I have been to many famous residences-turned-museums over the years (Monticello, Mount Vernon, Olana) and in all of them, it is the possessions (paintings, furniture, china, wallpaper) that made the impression on me. I enjoyed thinking of the lives of these famous men and how they lived at the height of their careers.
In this case, I was in a museum of sorts and had the chance to admire the work of a famous architect from within his creation. Can you relate to what I am saying? I have not thought about architecture that much and was fascinated with the idea of being inside something that a design icon created.

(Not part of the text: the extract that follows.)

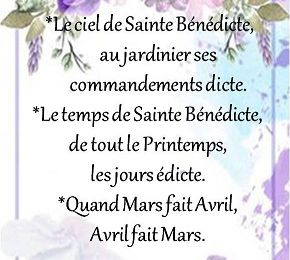 Dictons et Fête du jour Bénédicte + grille prénom  !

You look at Monet's water lilies. You look at Andy Warhol's Polaroids. You are never inside a piece of art. That is until I was walking around inside a famous home by Frank Lloyd Wright. I was able to see the flow of the rooms, the width of the staircase, the natural light from the windows, as well as the illuminated skylights with exactly the effect that Frank Lloyd Wright had wanted.
Some of the furniture was original too, designed by the architect to work in the space. I loved it all. It felt silly to gush about it all after the initial look around. I wanted to pretend it was no big deal to eat pizza in a grand dining room or sit outside and talk on a porch with a cantilevered roof. I can't gush to Frank, so I'm gushing to you.
Thank you, Aberdeen, for letting me look at architecture and art in a completely different way.